Of course no one knows exactly where they will be from one day to the next, let alone months ahead. But sometimes there is a predictability to life. If you’re in the middle of a 4-year degree program, there’s a pretty decent chance you’ll be in the same city taking classes a few months from now. Or if you’ve just started a new job you really enjoy, you will likely see yourself at that company for at least the next few years. True, you could drop out of school, or you might find another job you like even better with a new company, but there’s a better than average chance you’ll continue along the similar path you’re already on.
For the next few months I know I will often find myself playing the “this time last year” game where I think about what I was doing during my around the world adventure that I am not doing now that I am back to an office job and “regular life”.
Not that regular life is bad. I don’t have to live out of a suitcase, I get to see my friends on a regular basis and I can visit my family much more easily than when I am many time zones away. While my job involves the dreaded cubicle, it really isn’t so bad, and as of a few days ago, I have health insurance again. Whee!
But in a few months this contract job will be up. There’s a chance I could stay on if they offer me a full time job, or I may say its been great, but it is time to hit the road again. Or perhaps there is a way I can do both?

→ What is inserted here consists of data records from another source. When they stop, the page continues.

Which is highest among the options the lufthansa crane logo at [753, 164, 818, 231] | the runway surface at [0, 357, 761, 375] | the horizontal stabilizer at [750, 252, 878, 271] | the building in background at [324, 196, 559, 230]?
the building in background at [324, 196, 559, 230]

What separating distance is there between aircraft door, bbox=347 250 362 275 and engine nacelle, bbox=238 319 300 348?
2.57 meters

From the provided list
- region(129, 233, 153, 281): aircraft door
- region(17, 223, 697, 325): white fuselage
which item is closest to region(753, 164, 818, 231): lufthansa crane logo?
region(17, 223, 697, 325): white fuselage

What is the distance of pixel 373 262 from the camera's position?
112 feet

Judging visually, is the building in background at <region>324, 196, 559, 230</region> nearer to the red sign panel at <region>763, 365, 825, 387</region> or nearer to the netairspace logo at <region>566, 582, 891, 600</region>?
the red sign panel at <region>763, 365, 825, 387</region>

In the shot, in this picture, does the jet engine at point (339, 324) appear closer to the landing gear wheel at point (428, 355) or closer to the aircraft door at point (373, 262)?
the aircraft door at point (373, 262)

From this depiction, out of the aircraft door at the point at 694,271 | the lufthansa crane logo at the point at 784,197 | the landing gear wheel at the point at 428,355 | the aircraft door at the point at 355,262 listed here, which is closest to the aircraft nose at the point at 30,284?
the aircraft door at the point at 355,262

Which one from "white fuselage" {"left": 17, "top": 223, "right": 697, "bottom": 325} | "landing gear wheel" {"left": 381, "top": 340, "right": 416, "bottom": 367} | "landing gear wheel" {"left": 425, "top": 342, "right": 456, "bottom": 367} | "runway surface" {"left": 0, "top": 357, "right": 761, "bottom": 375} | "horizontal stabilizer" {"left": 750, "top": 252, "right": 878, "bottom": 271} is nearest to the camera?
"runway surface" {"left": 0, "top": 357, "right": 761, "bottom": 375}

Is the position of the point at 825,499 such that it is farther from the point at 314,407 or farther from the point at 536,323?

I definitely feel pulled in two ways. The things I used to do to tide me over between trips (reading my monthly travel magazines, looking through Pintrist boards of far off destinations and magical hotels, taking langauge classes and keeping in touch with friends who are traveling when I can’t) no longer tide me over. Instead they make me want to do 2012 all over again (but even better).
But then I realize my other past time is focusing on things that keep me right here at home. I recently discovered the Houzz app (free!) for my iPhone which has over 1.4 million photos of interior and exterior home designs. Or I’m looking for a new living room couch (thanks to Chole the cat and her bladder full of revenge), or planning what I want to grow on my roof top this summer, or getting involved with projects at my local capoeira academy. These are all clearly thoughts of a woman who wants to stay put.
|Things I will not be doing if I hit the road|
Or are they? Perhaps I’m locationally bi-polar. One foot in the living room and one foot on a plane. Between now and August, when my contract position ends, when my awesome roommate heads off to graduate school on the East Coast, I have some critical decisions to make. Where I want to be…How I’ll make money…What I want to accomplish with my life.
All BIG questions, but none I’ll decide on tonight. Tonight, … I think I’ll just have another glass of wine.